RCCLX: Revolutionizing GPU Communication on AMD Platforms

RCCLX: Revolutionizing GPU Communication on AMD Platforms

3 Min Read

We are open-sourcing the initial version of RCCLX – an enhanced version of RCCL that we developed and tested on Meta’s internal workloads. RCCLX is fully integrated with Torchcomms and aims to empower researchers and developers to accelerate innovation, regardless of their chosen backend.

Communication patterns for AI models are constantly evolving, as are hardware capabilities. We want to iterate on collectives, transports, and novel features quickly on AMD platforms. Earlier, we developed and open-sourced CTran, a custom transport library on the NVIDIA platform. With RCCLX, we have integrated CTran to AMD platforms, enabling the AllToAllvDynamic – a GPU-resident collective. While not all the CTran features are currently integrated into the open source RCCLX library, we’re aiming to have them available in the coming months.

In this post, we highlight two new features – Direct Data Access (DDA) and Low Precision Collectives. These features provide significant performance improvements on AMD platforms and we are excited to share this with the community.

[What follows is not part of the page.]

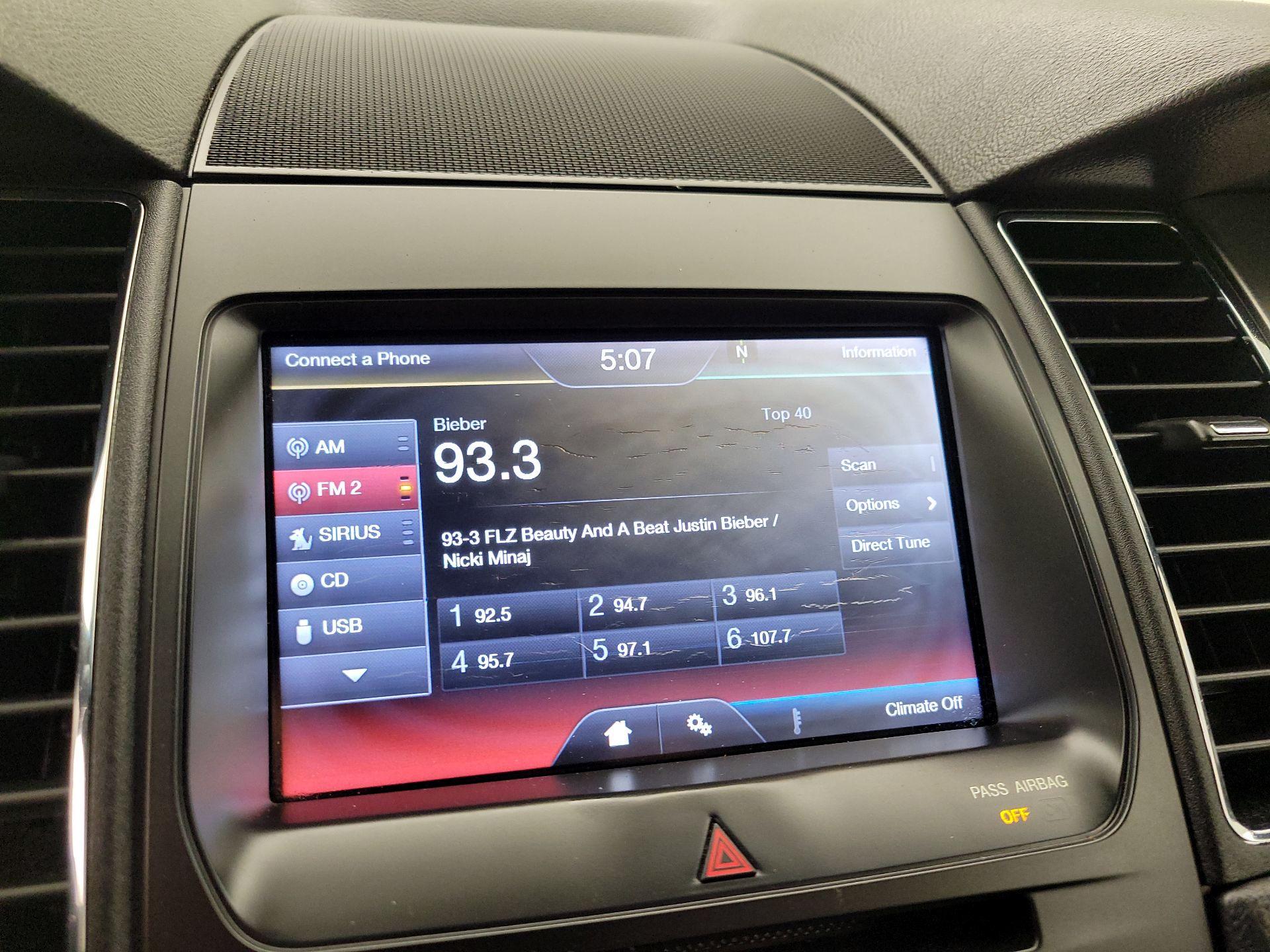 Thumbnail: 2014 Ford Taurus - 15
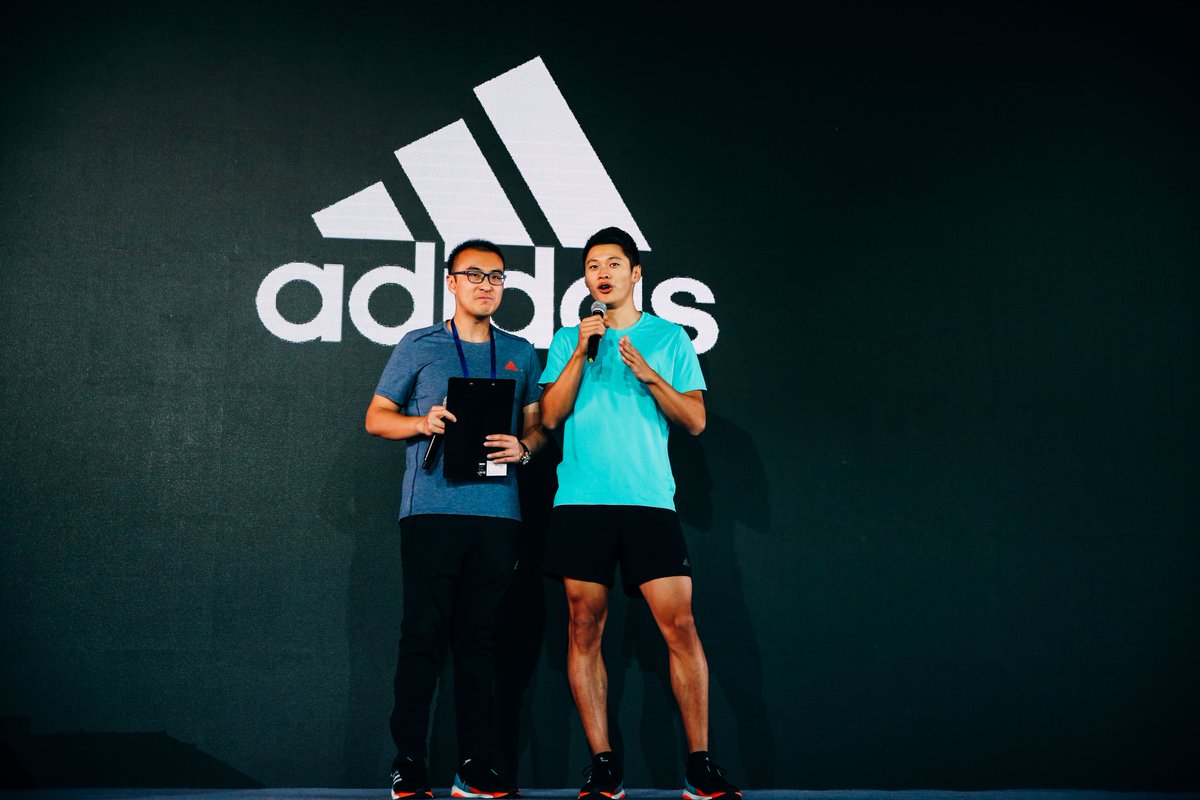 CharceChaplin's tweet photo. 2018Beijing Marathon Adidas Runner City Battle. 4 cities' of Beijing Marathon's runner PK each other. Each city have 5 man and 5 women make up 1 team, they represent their city, as per the total result have one champion team.
 200 man NR XieZhenye represented the Champion Cup. https://t.co/vMK9wORkJJ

Direct Data Access (DDA) – Lightweight Intra-node Collectives

Large language model inference operates through two distinct computational stages, each with fundamentally different performance characteristics:

  • The prefill stage processes the input prompt, which can span thousands of tokens, to generate a key-value (KV) cache for each transformer layer of the model. This stage is compute-bound because the attention mechanism scales quadratically with sequence length, making it highly demanding on GPU computational resources.
  • The decoding stage then utilizes and incrementally updates the KV cache to generate tokens one by one. Unlike prefill, decoding is memory-bound, as the I/O time of reading memory dominates attention time, with model weights and the KV cache occupying the majority of memory.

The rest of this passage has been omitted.